No utility files or shared logic at the top-level.
agents: contains each of the agents. Preferably, these would be one agent per file.
analysis: contains shared utility code for analysing the results. This does not contain scripts for analysing results, only shared logic (e.g. plotting code or results filtering).
environments: contains minimal implementations of just the environment dynamics.
utils: various utility code snippets for doing things like manipulating file paths or getting the last element of an array.
These are just reusable code chunks that have no other clear home.
I try to sort them into files that roughly name how/when they will be used (e.g. things that manipulate files paths goes in paths.py
, things that manipulate arrays goes in arrays.py
, etc.).
This folder contains the job submission information that is needed to run on a cluster.
These are also .json
files that look like:
{
"account": "which compute canada account to use",
"time": "how much time the job is expected to take",
"nodes": "the number of cpu cores to use",
"memPerCpu": "how much memory one parameter setting requires", // doesn't need to change
"tasksPerNode": "how many parameter settings to run in serial on each cpu core"
}
Some quick terminology (that I made up and is kinda bad):
- node: a CPU core
- task: a single call to the experiment entry file (e.g.
src/main.py
).

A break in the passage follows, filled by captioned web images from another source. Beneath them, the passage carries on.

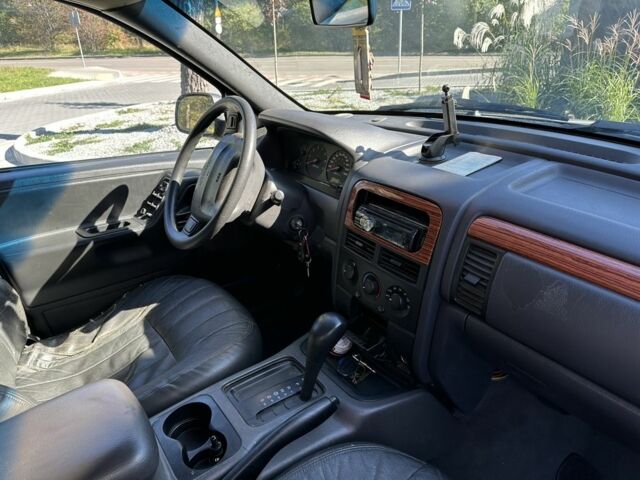 Коричневий Джип Grand Cherokee, об'ємом двигуна 4 л та пробігом 300 тис. км за 1900 $, фото 4 на Automoto.ua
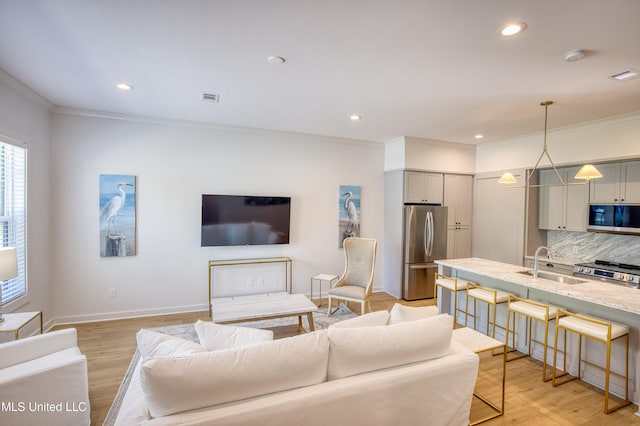 living area with ornamental molding, light wood-style floors, visible vents, and recessed lighting
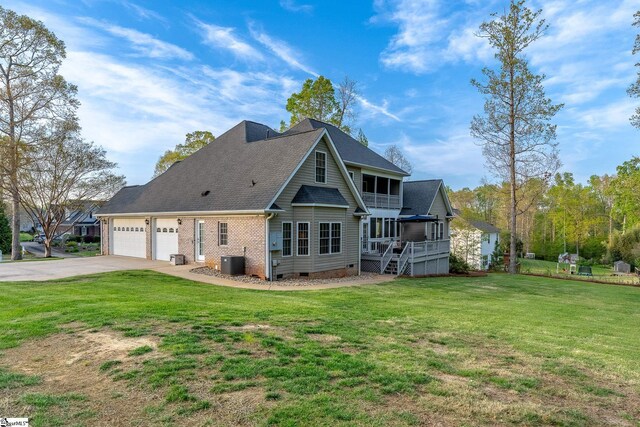127 Warren Dr, Easley, SC 29640 - rear view of house featuring cooling unit, an attached garage, crawl space, driveway, and a lawn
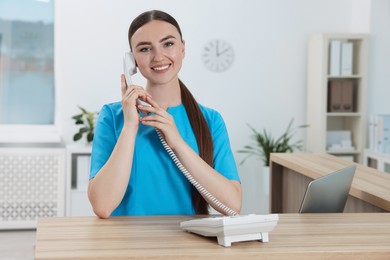 Professional receptionist talking on phone at wooden desk in hospital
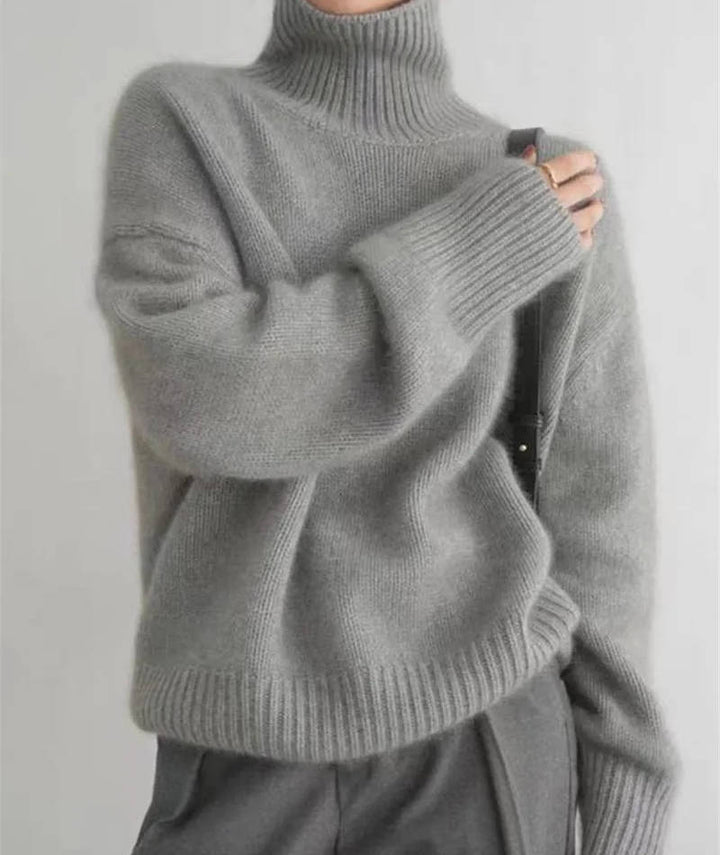 Rosalind turtleneck sweater in cream, side view with tote bag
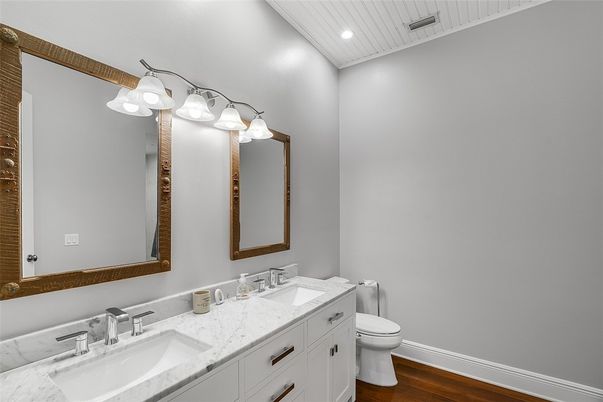 Bathroom, Dual Sink Vanities, Interior, Recessed Lighting, Wood Texture Flooring
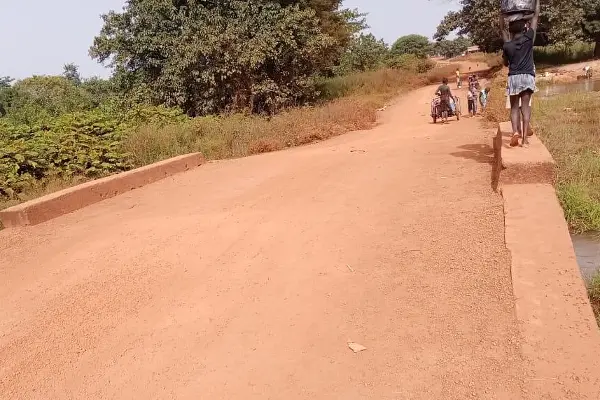 A woman carries water over a bridge.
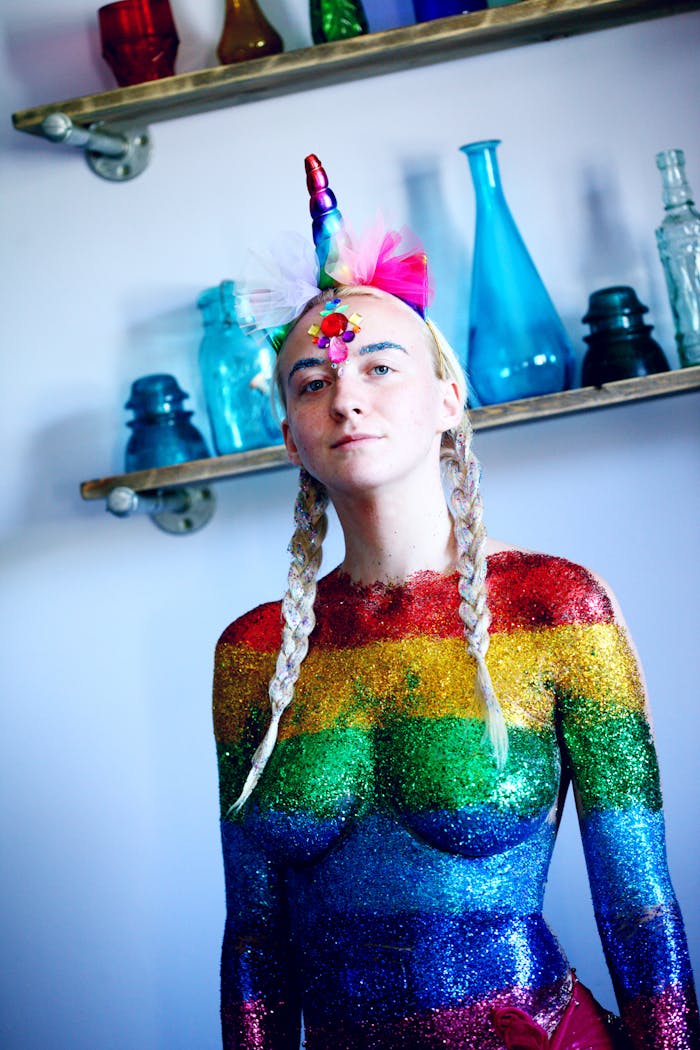 Portrait of a woman in rainbow glitter body paint with braided hair and unicorn headpiece indoors.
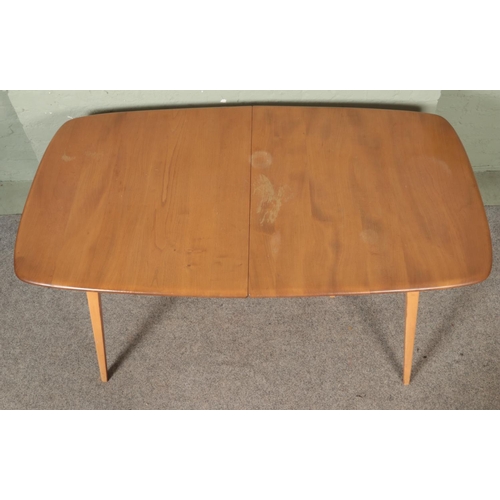 563 - An Ercol 'Grand Windsor' light oak and ash extending dining table, with hinged additional leaf, roun... 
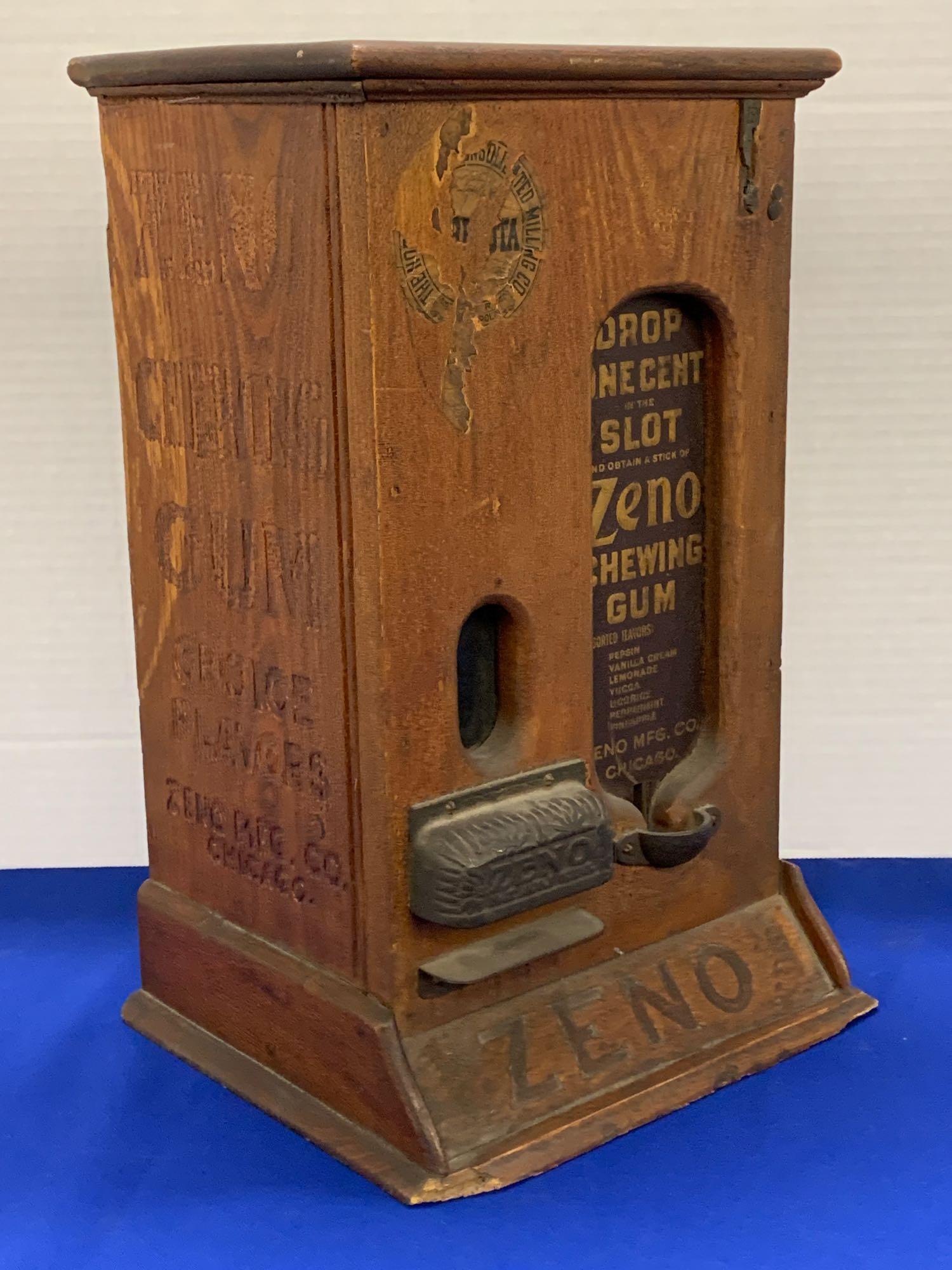 1-cent Wooden Zeno Stick Gum Vending Machine: An original coin-operated 1-cent Zeno stick gum vending machine. 16-1/2 in tall x 10-1/4 in wide x 9 in deep.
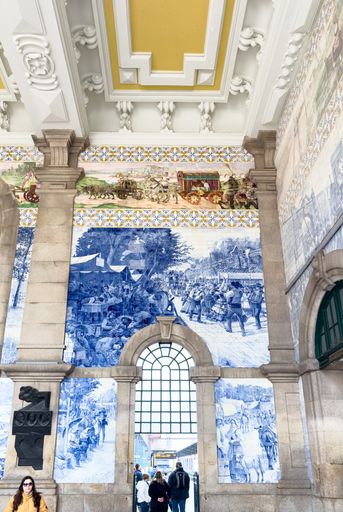 The interior of Sao Bento railway station in Porto is a 20th-century railway terminal with large panels of around twenty thousand azulejo tiles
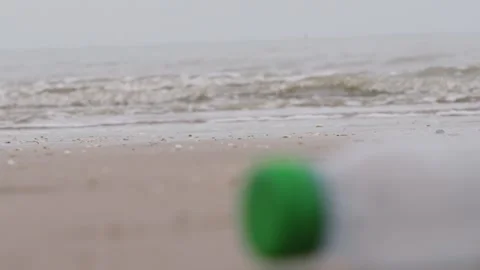 Focus Pull from Small Waves on Bleak Beach to Plastic Bottle Lying on Sand Stock Footage 318950560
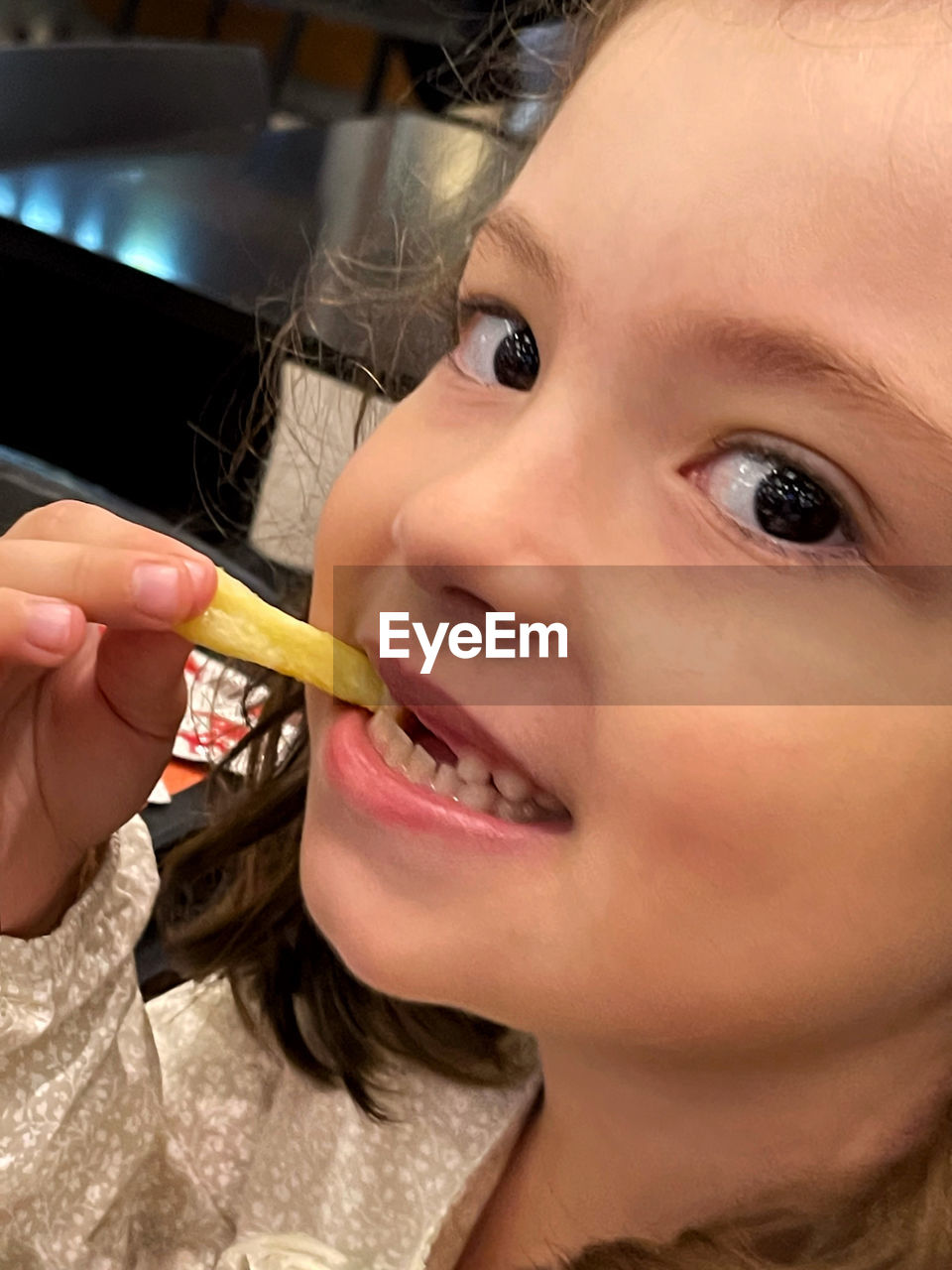 portrait, human face, child, childhood, nose, skin, women, one person, person, headshot, female, human mouth, human head, smiling, food, eating, food and drink, close-up, human eye, looking at camera, lip, holding, lifestyles, baby, indoors, adult, happiness, cute, human hair, eye, emotion, hand, toddler, wellbeing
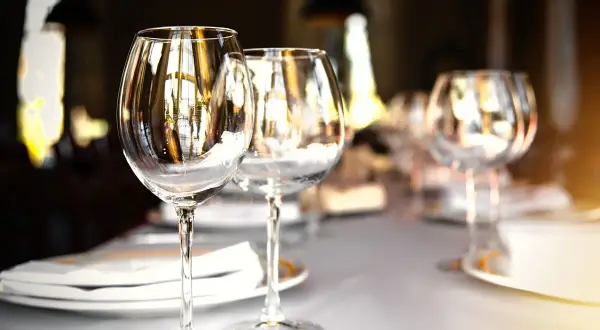 Trois verres à vin vides sur une table dressée, prêts pour un repas. Chaque verre reflète la lumière, comme un marque place verre.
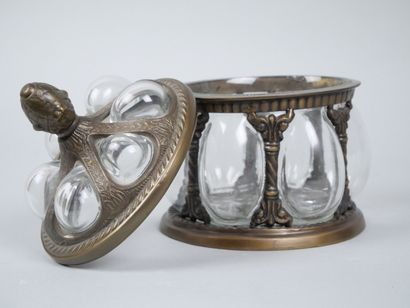 Oval blown-glass and metal cookie tin decorated...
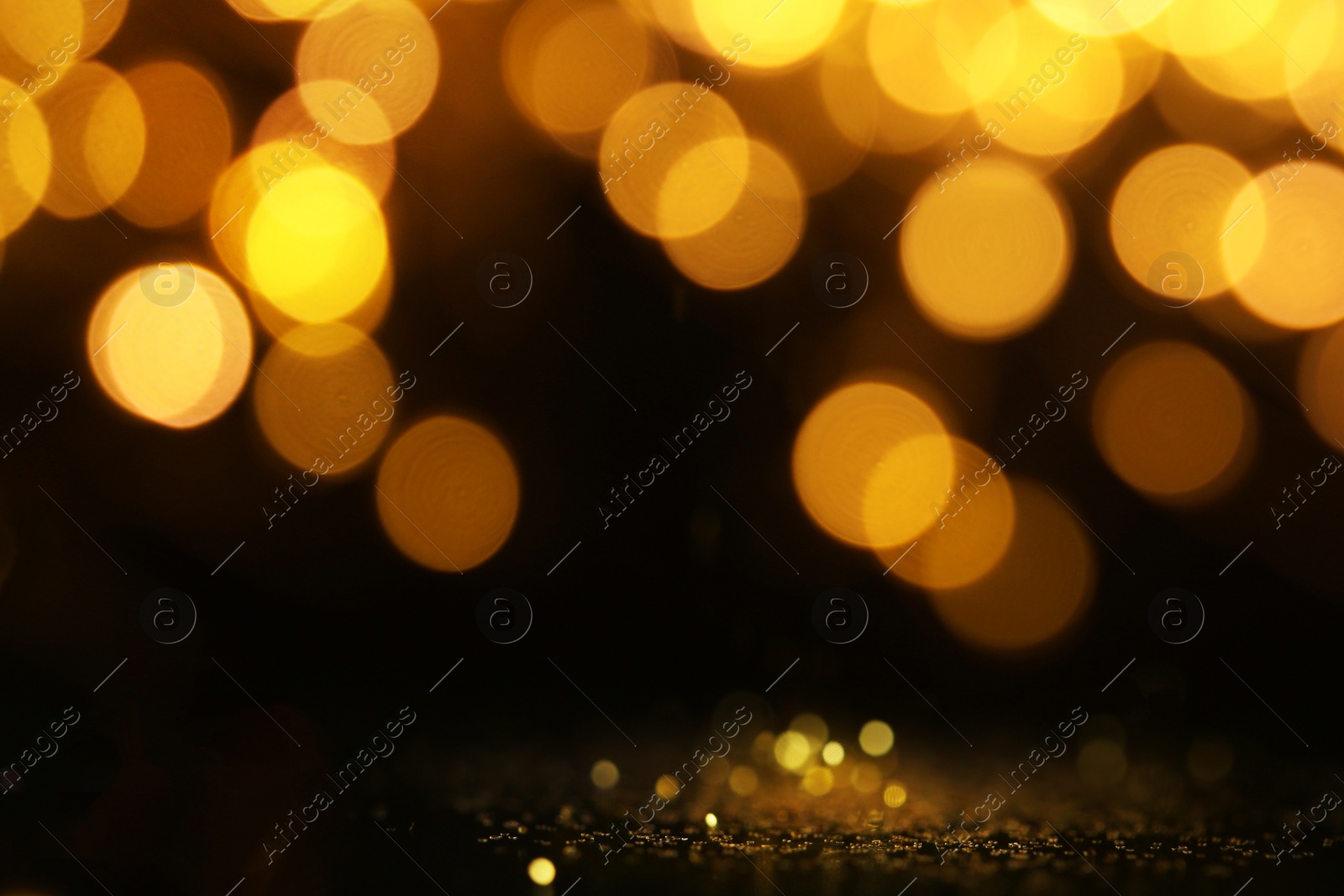Photo of Gold glitter with bokeh effect on black background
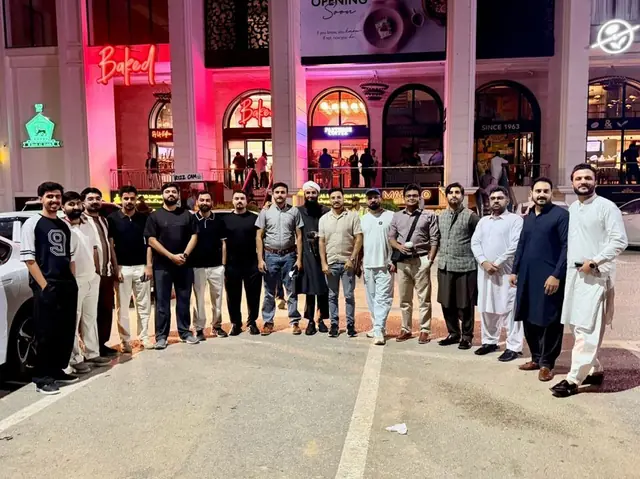 Tech professionals standing together outside a café at night
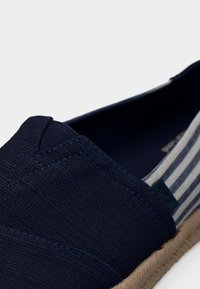 Μπλε ναυτικό πάνινο παπούτσι χωρίς κορδόνια με ραβδωτό ύφασμα στην πλάτη και φυσική πλεγμένη σόλα, κοντινή λήψη που δείχνει την υφή και τις λεπτομέρειες των ραφών.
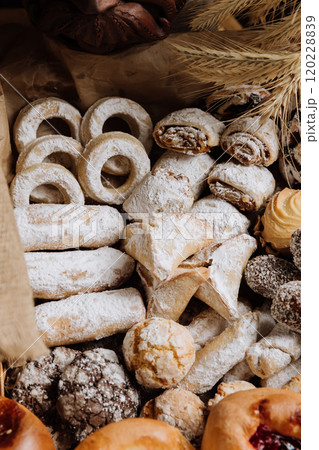 Assorted traditional pastries with powdered sugar and decorative details, perfect for dessert lovers 120228839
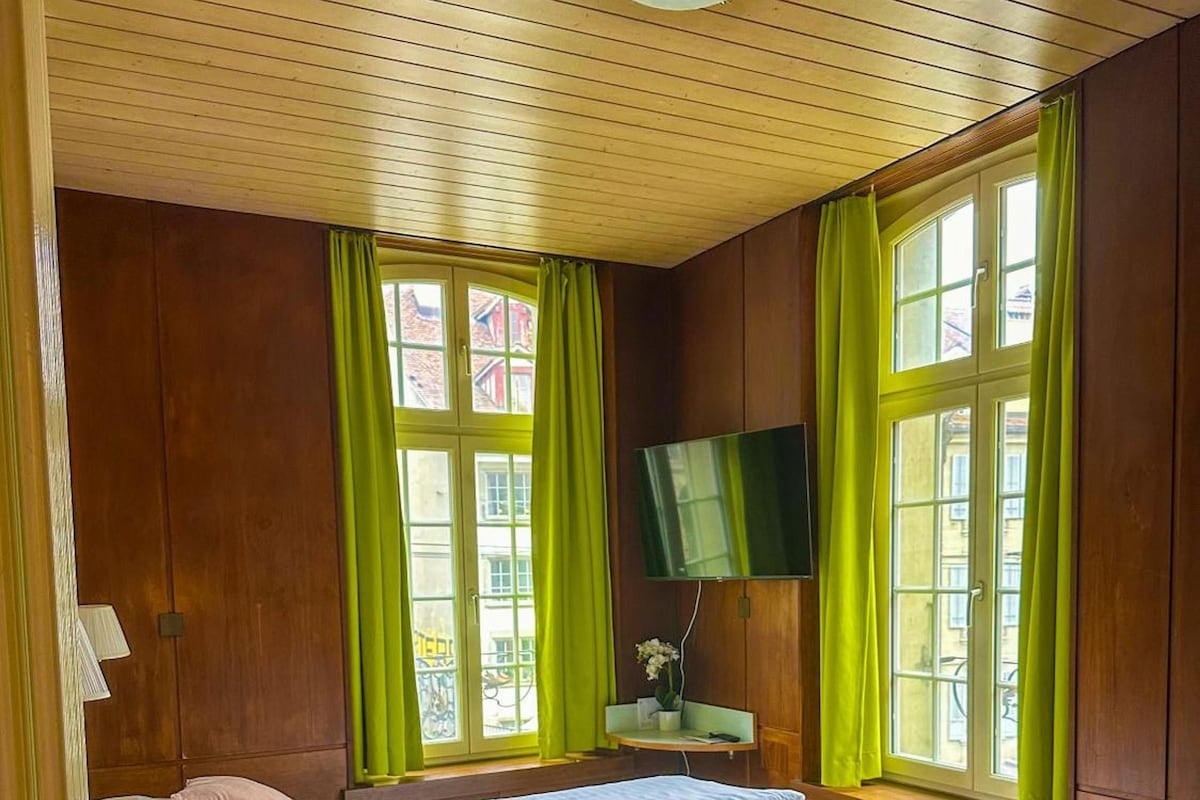 A bedroom with two beds, a television, and large windows with curtains.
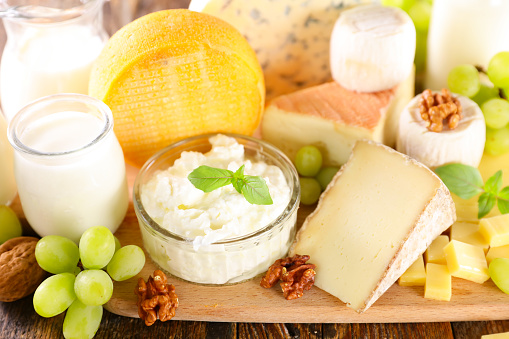 set of dairy products on wooden board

Generally only runs one parameter setting for a single run. - job: a compute canada job (contains many tasks and run across multiple nodes).
The nodes
setting determines the number of CPU cores for the job to request.
These CPU cores may not all be on the same server node and most likely will be split across several server nodes.
The job scheduling script bundled with this template repo will handle distributing jobs across multiple server nodes in the way recommended by compute canada support.
The tasksPerNode
sets up the number of processes (calls to the experiment entry file) to be lined up per node requested.
If you request nodes=16
, then 16 jobs will be run in parallel.
If you request tasksPerNode=4
, then each node will run 4 tasks in serial.
In total, 64 tasks will be scheduled for one compute canada job with this configuration.
If there are 256 total tasks that need to be run, then 4 compute canada jobs will be scheduled.